Abstract 14692: Low Dose Atorvastatin Improves Angiogenesis in a Porcine Model of Metabolic Syndrome
Objective: We developed a clinically relevant hypercholesterolemic swine model to evaluate the effect of atorvastatin on angiogenesis in the heart.
Methods: Sixteen Ossabaw pigs were fed a hypercholesterolemic diet or a hypercholesterolemic diet with atorvastatin (1.5mg/kg daily) for 14 weeks. All animals underwent placement of an ameroid constrictor to the circumflex artery to induce chronic ischemia and continued on their respective diets for 10 more weeks. All animals then underwent sternotomy, functional cardiac measurements and the non-ischemic normally perfused left ventricle was harvested for analysis of capillary and arteriolar density, myocardial perfusion, microvessel relaxation, and protein expression.
Results: Myocardial perfusion was similar in the OHC and OHCS groups with demand pacing (0.65±0.08 vs. 0.47±0.12ml/min/g p=0.25) and at rest (0.59±0.08 vs. 0.53±0.05ml/min/g p=0.53). Atorvastatin did not affect arteriolar density but increased capillary density and increased expression of pro-angiogenic protiens AKT, pAKT, VEGFR2, VEGF, and ENOS (see table and figure). The OHCS group had improved endothelium-dependent microvessel relaxation to adenosine diphosphate and endothelium-independent relaxation to sodium nitroprusside (see figure).

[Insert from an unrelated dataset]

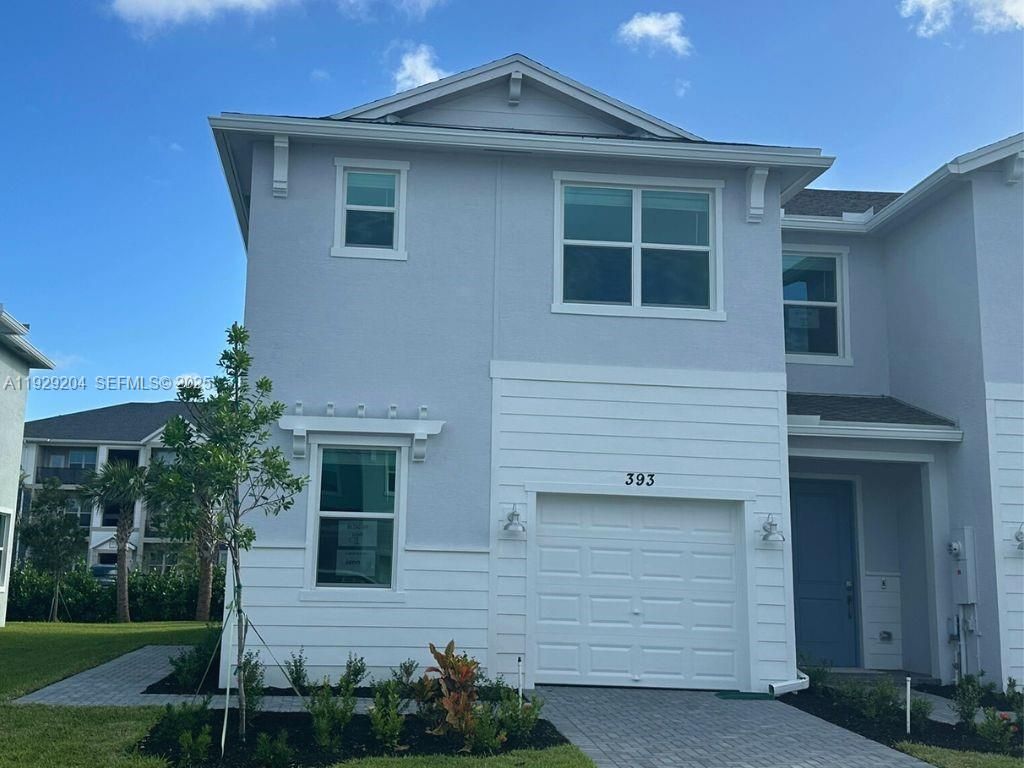 393 SE Crossoak Ln, Port St. Lucie, FL 34984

Conclusions: Atorvastatin treatment in a swine model of metabolic syndrome is associated with increased expression of pro-angiogenesis proteins and increased capillary density. Atorvastatin also improved microvessel relaxation. These results suggest that atorvastatin augments angiogenesis and reverses hypercholesterolemia induced endothelial dysfunction in swine with metabolic syndrome.
- © 2012 by American Heart Association, Inc.